Concrètement, l’information préoccupante se traduit par la transmission au département, par un professionnel ou un particulier, d’éléments d’inquiétude sur la situation d’un enfant. Elle est aujourd’hui définie par l’article R226-2-2 qui déclare que « l’information préoccupante est une information transmise à la cellule départementale mentionnée au deuxième alinéa de l’article L. 226-3 pour alerter le président du conseil départemental sur la situation d’un mineur, bénéficiant ou non d’un accompagnement, pouvant laisser craindre que sa santé, sa sécurité ou sa moralité sont en danger ou en risque de l’être ou que les conditions de son éducation ou de son développement physique, affectif, intellectuel et social sont gravement compromises ou en risque de l’être ». En pratique, les éléments à la connaissance de l’auteur de l’information préoccupante sont souvent partiels, et le fruit d’une interprétation subjective de la situation. À ce tout premier stade, les éléments communiqués sont donc rarement prouvés. Il est en effet important de rappeler qu’il ne revient pas au particulier ou au professionnel qui adresse l’information de faire la preuve du danger encouru par l’enfant, cette mission étant celle du service départemental de l’aide sociale à l’enfance.
Avec le terme « information préoccupante », la loi du 5 mars 2007, confirmée sur ce point par celle du 14 mars 2016, cherche à différencier « l’information préoccupante » adressée aux services départementaux de l’aide sociale à l’enfance du « signalement » qui correspond à la saisine de l’autorité judiciaire. Ce terme met en évidence l’importance de transmettre au service départemental compétent les inquiétudes qu’une personne peut avoir sur le bien-être ou le développement de l’enfant afin que la situation de l’enfant puisse être évaluée par les services compétents.
Cherchant à prévenir l’autocensure des citoyens, le législateur confie au service départemental de l’aide sociale à l’enfance une mission d’information et de sensibilisation de la population et des personnes concernées par les situations de mineurs en danger ou qui risquent de l’être (CASF, art.

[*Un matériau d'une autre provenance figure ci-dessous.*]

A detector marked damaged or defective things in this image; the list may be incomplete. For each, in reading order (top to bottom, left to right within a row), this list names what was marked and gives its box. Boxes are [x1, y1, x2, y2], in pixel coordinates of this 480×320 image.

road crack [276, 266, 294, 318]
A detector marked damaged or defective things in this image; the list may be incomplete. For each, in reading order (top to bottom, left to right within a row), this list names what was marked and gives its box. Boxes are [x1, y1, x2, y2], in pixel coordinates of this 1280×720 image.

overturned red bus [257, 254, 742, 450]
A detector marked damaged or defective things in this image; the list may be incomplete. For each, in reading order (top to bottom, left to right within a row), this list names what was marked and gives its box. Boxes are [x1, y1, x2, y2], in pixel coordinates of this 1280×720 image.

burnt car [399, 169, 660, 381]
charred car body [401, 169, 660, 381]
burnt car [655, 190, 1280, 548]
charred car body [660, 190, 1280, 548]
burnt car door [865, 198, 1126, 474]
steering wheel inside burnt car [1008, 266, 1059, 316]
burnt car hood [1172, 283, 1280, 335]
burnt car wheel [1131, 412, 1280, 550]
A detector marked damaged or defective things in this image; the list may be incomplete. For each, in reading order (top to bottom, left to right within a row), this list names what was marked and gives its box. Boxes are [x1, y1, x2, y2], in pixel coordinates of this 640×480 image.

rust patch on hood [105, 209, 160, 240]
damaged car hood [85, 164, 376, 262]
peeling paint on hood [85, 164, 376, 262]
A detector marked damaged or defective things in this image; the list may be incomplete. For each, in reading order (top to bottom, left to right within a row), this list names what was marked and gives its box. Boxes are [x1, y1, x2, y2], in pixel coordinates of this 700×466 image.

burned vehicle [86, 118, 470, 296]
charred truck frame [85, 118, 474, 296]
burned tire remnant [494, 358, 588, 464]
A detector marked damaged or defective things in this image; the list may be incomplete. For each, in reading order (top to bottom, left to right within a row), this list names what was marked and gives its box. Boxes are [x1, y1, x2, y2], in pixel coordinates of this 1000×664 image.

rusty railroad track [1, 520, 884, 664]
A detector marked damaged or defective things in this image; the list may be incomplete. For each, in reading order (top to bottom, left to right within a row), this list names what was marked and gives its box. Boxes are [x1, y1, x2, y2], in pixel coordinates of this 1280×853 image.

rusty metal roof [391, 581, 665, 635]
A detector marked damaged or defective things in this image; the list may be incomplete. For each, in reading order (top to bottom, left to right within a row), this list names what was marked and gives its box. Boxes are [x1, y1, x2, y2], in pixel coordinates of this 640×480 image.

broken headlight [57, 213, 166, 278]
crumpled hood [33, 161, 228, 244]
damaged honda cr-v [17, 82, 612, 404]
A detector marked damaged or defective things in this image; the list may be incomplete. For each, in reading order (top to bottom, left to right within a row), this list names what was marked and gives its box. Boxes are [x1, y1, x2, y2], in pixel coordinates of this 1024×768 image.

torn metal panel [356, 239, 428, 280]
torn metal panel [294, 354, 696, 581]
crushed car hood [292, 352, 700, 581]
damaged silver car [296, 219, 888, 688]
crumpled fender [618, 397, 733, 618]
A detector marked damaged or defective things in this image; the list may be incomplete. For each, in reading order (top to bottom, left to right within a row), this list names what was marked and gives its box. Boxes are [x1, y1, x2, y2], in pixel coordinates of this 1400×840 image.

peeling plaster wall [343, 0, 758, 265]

L. 226-2). Cette sensibilisation est indispensable pour améliorer le repérage des enfants en danger. Il s’agit d’attirer l’attention de la société civile, mais aussi des professionnels extérieurs à la protection de l’enfance, comme l’ordre des médecins ou encore les enseignants. Ces professionnels peuvent en effet détenir des informations importantes sur des situations familiales complexes, parfois indispensables pour intervenir au plus tôt auprès de la famille via des mesures de protection mais aussi des actions de prévention (aides financières, soutien à la parentalité, etc.). Il est donc aujourd’hui indispensable de mieux communiquer sur le sens et les conséquences des informations préoccupantes afin de faire valoir leur intérêt et de rompre le lien trop souvent fait entre information préoccupante et placement de l’enfant. Il s’agit d’insister sur l’intérêt de communiquer aux services compétents les éléments d’inquiétude sur l’état et le devenir d’un enfant, afin qu’une évaluation de sa situation puisse avoir lieu.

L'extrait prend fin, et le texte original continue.